# 5hp briggs backfiring



## dienam3less (Aug 9, 2007)

hi i have a 5hp briggs and stratton horizontal shaft motor. 


its not starting and when it does go to start it backfires. it was running before my sister took the gocart in to the field.  it stalled out and wouldn't start so i cleaned the mag. and the spark plug. after giving it a shot of starting fluid i got it to run. 2 days later i go to start it and it will only back fire. help me please!


----------



## justin3 (Apr 10, 2007)

check the flywheel key, see if its broken or out of place. Does it backfire out the muffler or carb?


----------



## 30yearTech (Sep 14, 2006)

Try a new spark plug, a fouling plug can make an engine backfire.


----------



## scrench (Dec 8, 2004)

if the spark plug dont fix it , it valve might be stuck open , pretty simple to pop the head off . and turn it over and make sure both valves are closing .


----------



## dienam3less (Aug 9, 2007)

i stuck a screw driver in the wire and laid it down ontop of the spark plug and the motor started to run..... should i go get a new mag.?
i have not checked the fly wheel yet but i dont think that would be the problem because of the whole screw driver... i think it is just a bad wire and when my sister was ridding in the feild it just shook the wire for its last time. and that would make since as to why every time i took the air cover off n moved the wire around to adjust the mag. it would work for a bit. btw the motor is on a manco dingo gocart.


----------



## dienam3less (Aug 9, 2007)

scrench said:


> if the spark plug dont fix it , it valve might be stuck open , pretty simple to pop the head off . and turn it over and make sure both valves are closing .

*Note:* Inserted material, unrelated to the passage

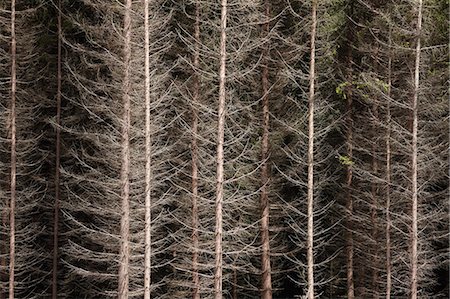 simsearch:6102-06470800,k - A dense fir-forest, Sweden. Foto de stock - Sin royalties Premium, Código: 6102-06470446
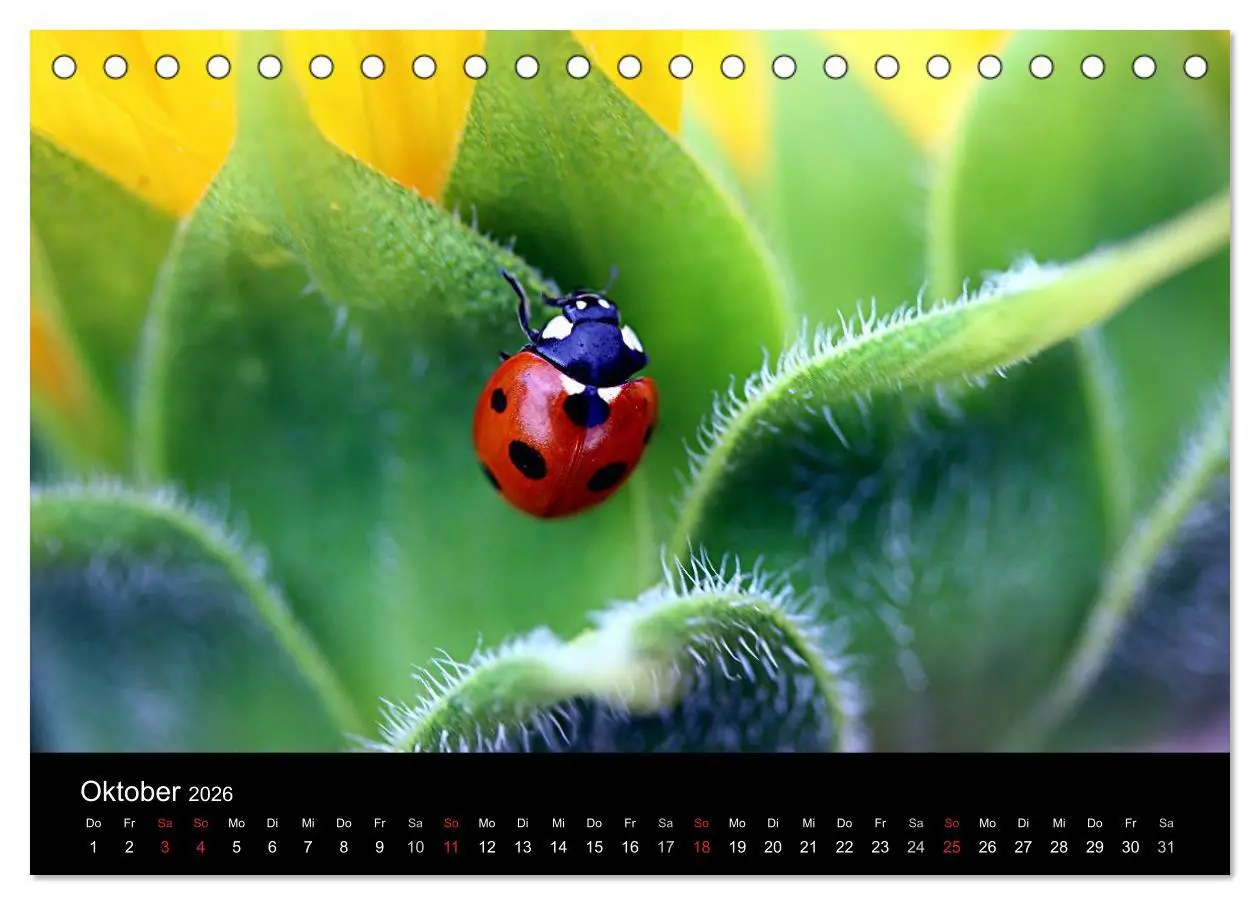 Bild: 9783516188394 | Makro-Kalender 2026 (Tischkalender 2026 DIN A5 quer), CALVENDO...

i already did that.. it was coved with carbon build up so i wiped it down. didnt want to brake anything but got as much off as i could.


and as for the sparkplud i took it out and laid it ontop of the motor... it is getting pleny of blue spark


----------



## 30yearTech (Sep 14, 2006)

dienam3less said:


> as for the sparkplud i took it out and laid it ontop of the motor... it is getting pleny of blue spark



There is your problem, the spark is supposed to be either Pink or Green!!!

Just kidding...

It's always a good idea to try a NEW spark plug, as a spark plug may seem to work alright out in the open, but they can do strange things when they operate under compression.


----------



## pyro_maniac69 (Aug 12, 2007)

dienam3less said:


> *i stuck a screw driver in the wire and laid it down ontop of the spark plug and the motor started to run*..... should i go get a new mag.?
> i have not checked the fly wheel yet but i dont think that would be the problem because of the whole screw driver... i think it is just a bad wire and when my sister was ridding in the feild it just shook the wire for its last time. and that would make since as to why every time i took the air cover off n moved the wire around to adjust the mag. it would work for a bit. btw the motor is on a manco dingo gocart.


something about that doesn't sound safe or right


----------



## 30yearTech (Sep 14, 2006)

dienam3less said:


> i stuck a screw driver in the wire and laid it down ontop of the spark plug and the motor started to run..... should i go get a new mag.?
> i have not checked the fly wheel yet but i dont think that would be the problem because of the whole screw driver... i think it is just a bad wire and when my sister was ridding in the feild it just shook the wire for its last time. and that would make since as to why every time i took the air cover off n moved the wire around to adjust the mag. it would work for a bit. btw the motor is on a manco dingo gocart.


I seemed to have overlooked this post. If it runs like this then the problem most likely is a sheared flywheel key. When the key gets sheared a little it advances the ignition timing (probable source of the backfire) the screw driver increases the the time it takes for the spark to jump the gap to the plug and then for the plug to fire (slightly retarding the timing) which would allow the engine to start. Check your flywheel key.


----------



## dienam3less (Aug 9, 2007)

well i changed the spark plug and changed the oil and put some restore oil in the motor. it has a lil more power to it and is now running. b-4 the oil change it was fowling out the plug and making it back fire. does anyone know the spark plug i should be useing? (just to make sure the right one is in there) and what the gap should be set to? 

i haven't run the motor up any hills yet so i dont know for sure if the new oil and restore oil is helping, but it did stop it from backfiring with no stress on the motor.


----------



## justin3 (Apr 10, 2007)

The engine restore should'nt keep the engine from backfiring, most likely it was just the plug that was giving your trouble. You should be using an RJ19LM or J19LM spark plug with a gap of .30. I use the restore in my snapper, it keeps the horrable oil burning smell away but it just covers up the problem.


----------



## dienam3less (Aug 9, 2007)

the spark plug that i had in the motor when i got it was a SE8J and the sparkplug i am useing right now is a 295 should i go out and get one of the ones listed above? what one has a hotter spark? should i go with a 2 prong? i have hurd that they burn fuel better; possibly reducing my carbon build up and add to the power?

i checked the gap on the plug that is in the engine right now it is
.038 (inches)

the plug that used to be in their had a .040 (inches) gap


----------



## tommyj3 (Sep 16, 2006)

Go buy a RJ19LM and set the gap at .30. The sparkplug gap to close or to wide will affect the engine timing. Make sure it's set at .30


----------



## dienam3less (Aug 9, 2007)

thanks i will go buy one and ill post as to how it works.. thanks everyone.. u are a big help!
should i go with a 2 prong? i have herd that they burn fuel better; possibly reducing my carbon build up and add to the power?


----------



## dienam3less (Aug 9, 2007)

well i got a 1 prong spark plug and it runs much better now. i havent taken it up any hill put it does go up my drive way now befor it would have trouble going down my drive way (it is almost level too) also i have a 1inch bump into my garage so i toped the cart right befor it and it went up the bump with no problem. my throttel was sticking on high to so i cleaned the area between the gas tank and motor and soaked it in some wd-40. took some oil out as well because it seemed to be a lil high (not sure if this effected the high idle randomly) but anyways the main point of this is to just say thank you guys u are all great thanks for the help!!!!!!


----------